### Available data ###

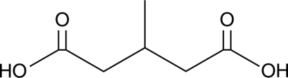 3-Methylglutaric Acid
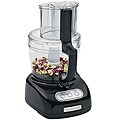 KitchenAid Pro Line Black Food Processor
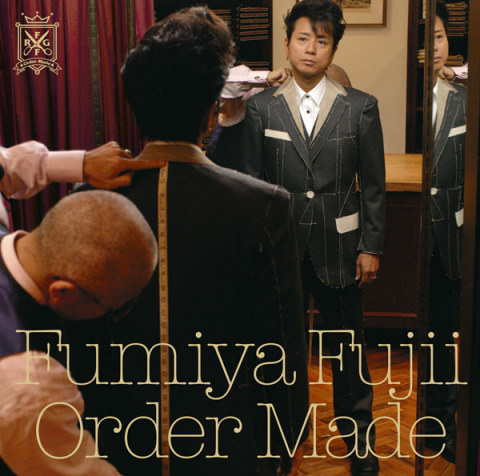 Order Made【初回生産限定盤】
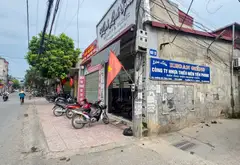 Bán đất 35m² lô góc trung tâm, thuận tiện kinh doanh tại Phú Lương... Bán đất tại Phú Lương, Hà Nội 01
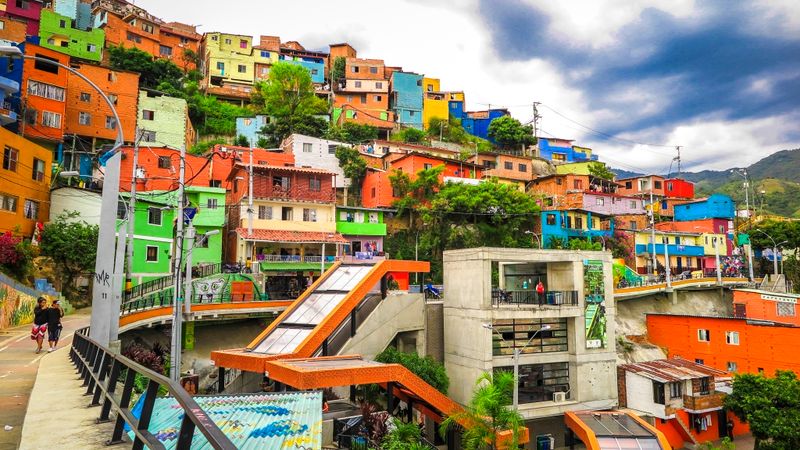 Medellin's Remarkable Rebirth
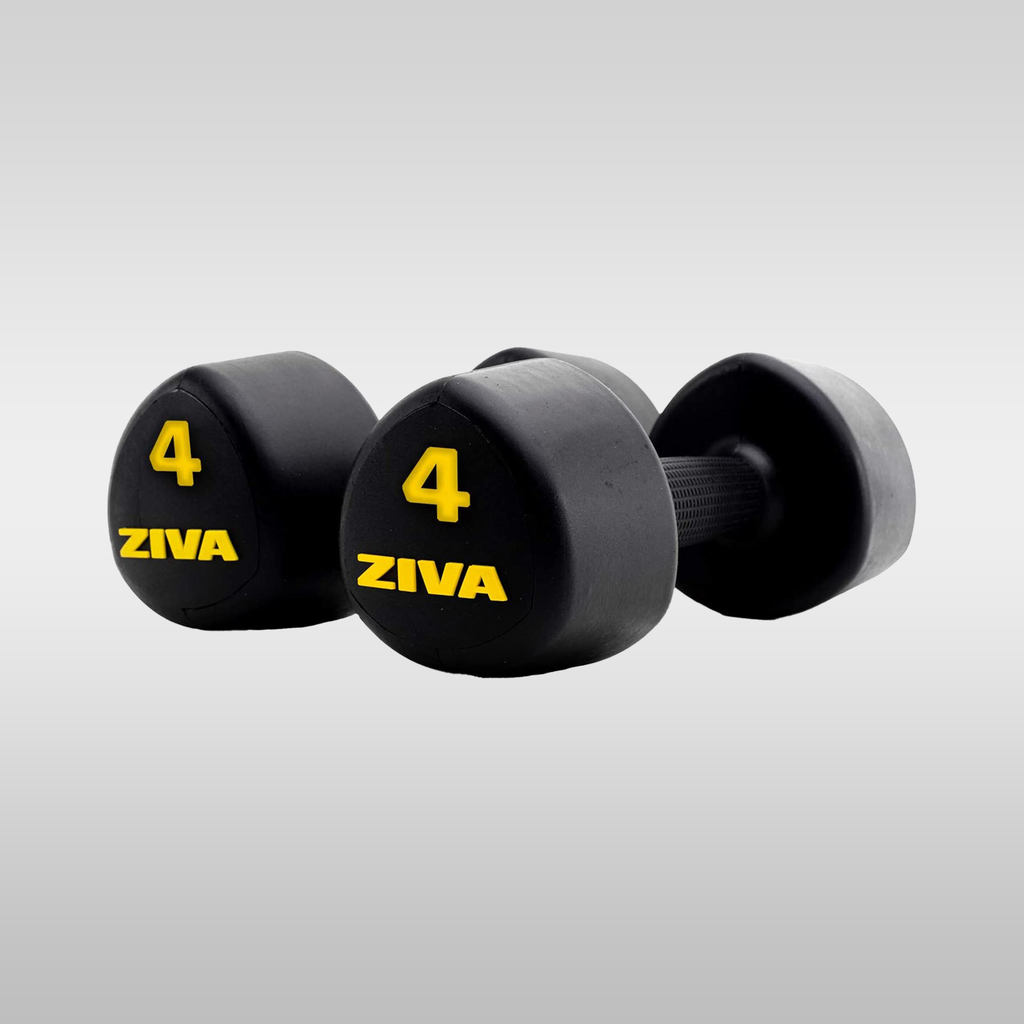 ZIVA Virgin Rubber Tribell Studio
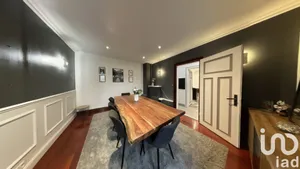 Maison de ville à Saverne (67700)
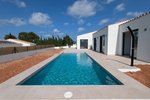 Thumbnail 2 of Villa for sale in Javea / Spain #60575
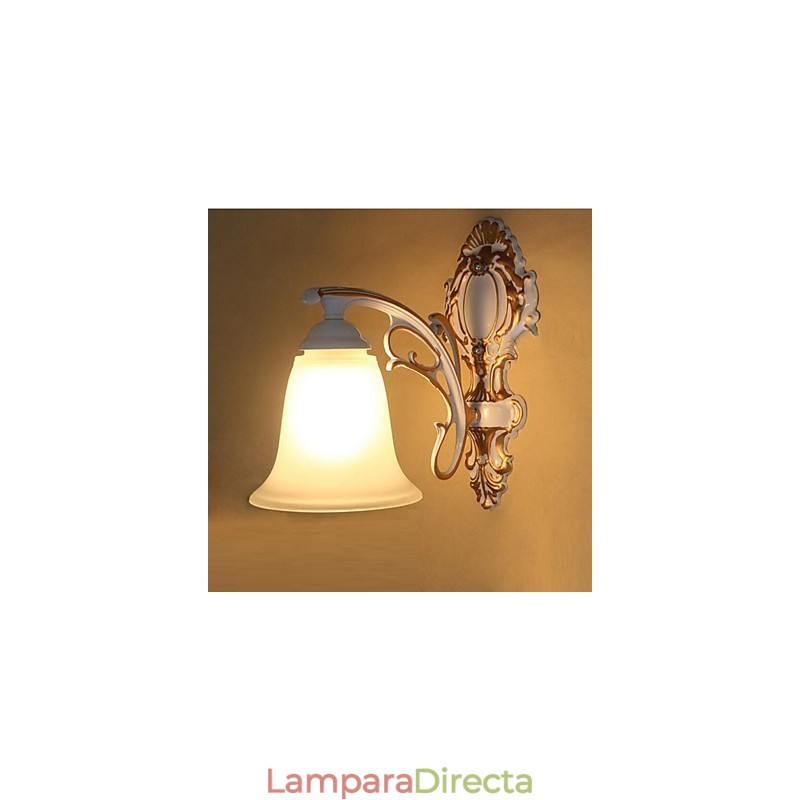 Moderno Contemporáneo Rústico Lodge Country Otros Característica para Mini Estilo Downlight Apliques de Pared Luz de Pared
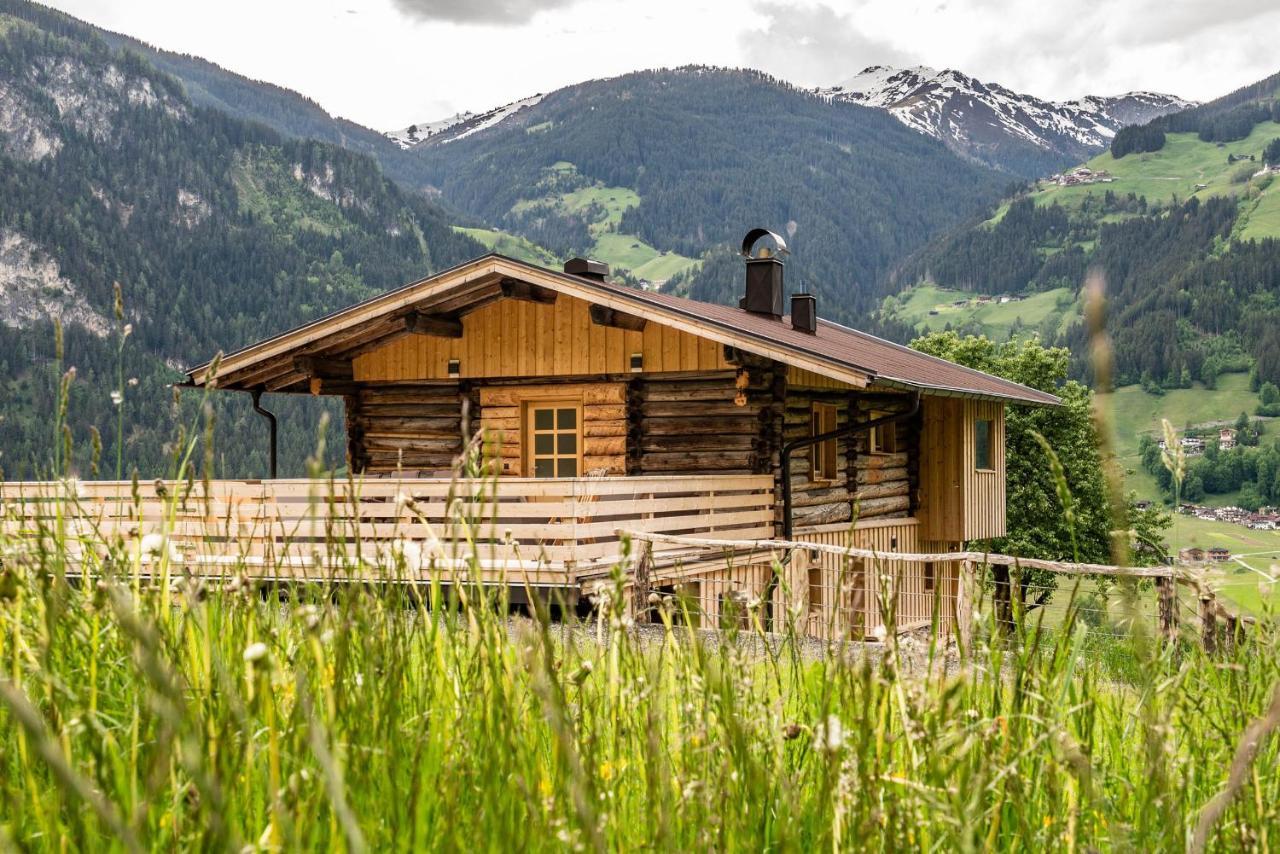 Staudach - Alpinresidenz Zillertal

###

The records above are to be repeated exactly, apart from their pictures.

■ **Written solution**:
 3-Methylglutaric Acid
 KitchenAid Pro Line Black Food Processor
 Order Made【初回生産限定盤】
 Bán đất 35m² lô góc trung tâm, thuận tiện kinh doanh tại Phú Lương... Bán đất tại Phú Lương, Hà Nội 01
 Medellin's Remarkable Rebirth
 ZIVA Virgin Rubber Tribell Studio
 Maison de ville à Saverne (67700)
 Thumbnail 2 of Villa for sale in Javea / Spain #60575
 Moderno Contemporáneo Rústico Lodge Country Otros Característica para Mini Estilo Downlight Apliques de Pared Luz de Pared
 Staudach - Alpinresidenz Zillertal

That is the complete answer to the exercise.